Naidenov V.G. Study of elements of tyrosine tRNA recognition by tyrosyl-tRNA synthetase from higher eukaryotes using site-directed mutagenesis. – Manuscript.

Thesis for a degree of Doctor of Philosophy (Ph.D) in Biology, speciality 03.00.03 – molecular biology.- Institute of Molecular Biology and Genetics, Natilonal Academy of Sciences of Ukraine, Kyiv, 2002.

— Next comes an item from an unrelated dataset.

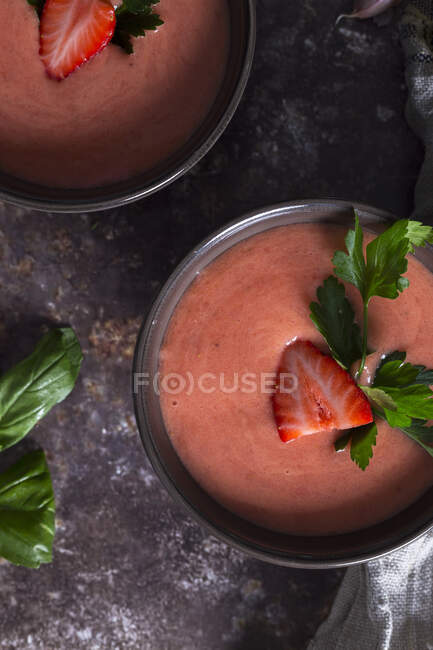 Vue du dessus des bols à la fraise fraîche gaspacho soupe froide placée sur la table noire — Photo de stock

Dissertation is devoted to the study of structure elements of recognition of tyrosine tRNA by eukaryotic tyrosyl-tRNA synthetase using saite-directed mutagenesis as experimental approach. It has been shown that the role of first base-pair of acceptor stem relies mainly on nucleotide in position 72. Nucleotides 34 and 35 of anticodone loop also contribute in tRNA identity but to the lesser extent then nucleotides of first base-pair, whereas the variable loop length does not affect acceptor activity of tRNA-transcript.

It was find out that an additional C-terminal domain of bovine tyrosyl-tRNA synthetase improve the catalytic efficiency of aminoacylation most probably due to the strengthening of tRNA-transcript binding to the enzyme. The critical role of Lys147 residue for aminoacylation activity of bovine tyrosyl-tRNA synthetase has been revealed.

Key words: aminoacylation, tyrosyl-tRNA synthetase, RNA-protein interaction.